This is an amusing omission because, in my experience, it's common both for the vulgar to confuse tools such as cellphones with "technology" as a whole, which of course includes the whole technological matrix that you're analyzing; and for ignorant rulers to believe that the crucial ingredient in economic prosperity is for an outside company to open a factory in your town, thus "providing work".
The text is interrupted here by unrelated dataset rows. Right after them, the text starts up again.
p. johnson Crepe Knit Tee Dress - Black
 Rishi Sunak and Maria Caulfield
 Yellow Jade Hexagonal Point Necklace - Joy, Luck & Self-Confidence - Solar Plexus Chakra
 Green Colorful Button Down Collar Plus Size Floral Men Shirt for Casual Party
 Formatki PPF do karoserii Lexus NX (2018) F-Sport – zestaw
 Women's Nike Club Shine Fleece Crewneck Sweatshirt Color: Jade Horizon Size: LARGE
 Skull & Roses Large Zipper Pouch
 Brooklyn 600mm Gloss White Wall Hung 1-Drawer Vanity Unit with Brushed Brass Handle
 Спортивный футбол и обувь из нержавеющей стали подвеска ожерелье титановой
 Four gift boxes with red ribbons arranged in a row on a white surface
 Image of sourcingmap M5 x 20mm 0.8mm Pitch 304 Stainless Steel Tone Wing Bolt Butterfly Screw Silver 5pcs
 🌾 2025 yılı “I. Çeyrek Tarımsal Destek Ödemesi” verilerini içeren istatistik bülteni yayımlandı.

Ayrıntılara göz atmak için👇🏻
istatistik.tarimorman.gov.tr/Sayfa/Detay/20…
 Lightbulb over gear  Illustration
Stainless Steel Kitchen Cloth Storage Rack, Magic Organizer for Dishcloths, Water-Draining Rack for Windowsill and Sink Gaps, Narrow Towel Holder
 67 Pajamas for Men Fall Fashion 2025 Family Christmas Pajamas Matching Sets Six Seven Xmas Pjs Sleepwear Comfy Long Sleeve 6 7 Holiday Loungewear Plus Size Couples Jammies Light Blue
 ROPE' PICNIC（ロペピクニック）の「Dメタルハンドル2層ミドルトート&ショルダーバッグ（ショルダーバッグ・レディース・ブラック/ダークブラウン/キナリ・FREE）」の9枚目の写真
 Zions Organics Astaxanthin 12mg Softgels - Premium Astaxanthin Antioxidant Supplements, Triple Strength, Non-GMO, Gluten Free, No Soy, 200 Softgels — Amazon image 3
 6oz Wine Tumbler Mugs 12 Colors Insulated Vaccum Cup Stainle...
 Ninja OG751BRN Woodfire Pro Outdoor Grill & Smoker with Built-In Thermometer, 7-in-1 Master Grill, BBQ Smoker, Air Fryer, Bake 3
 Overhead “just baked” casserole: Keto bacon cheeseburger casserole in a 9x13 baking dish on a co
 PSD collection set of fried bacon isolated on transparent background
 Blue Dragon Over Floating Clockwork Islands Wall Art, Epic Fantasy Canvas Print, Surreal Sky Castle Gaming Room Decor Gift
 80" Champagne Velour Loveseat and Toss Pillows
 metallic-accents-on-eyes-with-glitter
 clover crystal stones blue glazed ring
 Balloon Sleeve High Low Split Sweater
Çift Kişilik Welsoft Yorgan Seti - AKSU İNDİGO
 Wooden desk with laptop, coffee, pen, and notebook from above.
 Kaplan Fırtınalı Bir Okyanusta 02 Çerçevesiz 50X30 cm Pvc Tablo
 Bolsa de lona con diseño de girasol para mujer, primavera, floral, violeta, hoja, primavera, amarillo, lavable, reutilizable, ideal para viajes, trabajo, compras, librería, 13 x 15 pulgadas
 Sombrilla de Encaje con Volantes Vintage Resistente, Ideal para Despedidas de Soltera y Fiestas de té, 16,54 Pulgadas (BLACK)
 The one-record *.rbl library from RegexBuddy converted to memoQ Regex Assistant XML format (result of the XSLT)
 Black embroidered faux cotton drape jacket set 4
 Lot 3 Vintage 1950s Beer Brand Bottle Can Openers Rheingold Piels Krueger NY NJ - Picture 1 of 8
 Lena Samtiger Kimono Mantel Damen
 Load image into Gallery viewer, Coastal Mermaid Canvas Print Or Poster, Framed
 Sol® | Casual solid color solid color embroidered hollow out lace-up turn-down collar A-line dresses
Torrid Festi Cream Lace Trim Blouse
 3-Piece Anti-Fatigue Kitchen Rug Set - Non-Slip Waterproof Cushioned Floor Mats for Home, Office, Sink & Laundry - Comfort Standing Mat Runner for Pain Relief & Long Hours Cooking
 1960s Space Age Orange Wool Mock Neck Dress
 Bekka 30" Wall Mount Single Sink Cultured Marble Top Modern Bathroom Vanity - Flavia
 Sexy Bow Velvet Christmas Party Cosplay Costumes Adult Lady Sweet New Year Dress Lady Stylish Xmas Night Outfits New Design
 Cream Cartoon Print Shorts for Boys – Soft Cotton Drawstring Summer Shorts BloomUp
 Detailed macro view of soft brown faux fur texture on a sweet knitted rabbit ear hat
Speaking of ignorant rulers, maybe this is in some sense implicit in your "network dynamics" or "Governance, Management, & Organization" categories, but I think it deserves special attention: a major obstacle to technological development always and everywhere is violence, in a couple of different forms. First, outright witch-burning is a constant threat, as experienced by Giordano Bruno, the Maya codices, Steve Kurtz, Aaron Swartz, Charles Lieber, and numerous others; second, and not entirely separate, unfreedom, expropriation, and wanton destruction, all by means of collective violence, destroyed Shuman's Solar Engine One, the first RepRap, Archimedes' life, Galileo's career, and Zuse's Z1, and nipped many other promising developments in the bud.
But such violence does not arise in isolation; it proceeds from a social climate that nurtures and foments it, which can impede progress even when it doesn't erupt into outright vandalism and murder. So I think there's a certain necessary element of tolerance and admiration of technical excellence whose lack strangles any hope of progress in most social climates. Not only did they laugh at Fulton, the Wright Brothers, and Bozo the Clown, they laughed at William Kamkwamba; how many other Kamkwambas has Malawi lost that way?
________________
† It isn't true that lanthanoids don't form ores at all; monazite and bastnäsite are ores of lanthanoids (as well as actinoids). Cerium in the earth's crust, for example, is about 60 ppm on average, but typically almost half (which would be 500 000 ppm) of either of these ores, so it's more concentrated there by three or four orders of magnitude. The difficulty is that they all form the same ore because they're damn near identical, chemically speaking, which is why many of them were among the last elements to be isolated. But this is very much not the case with landfill, in which the lanthanoids are conveniently separated not only from one another but from the hazardous actinoids — although cigarette-lighter flints have many lanthanoids, if you're mining catalytic converters, they'll be entirely free of both thorium and lanthanum.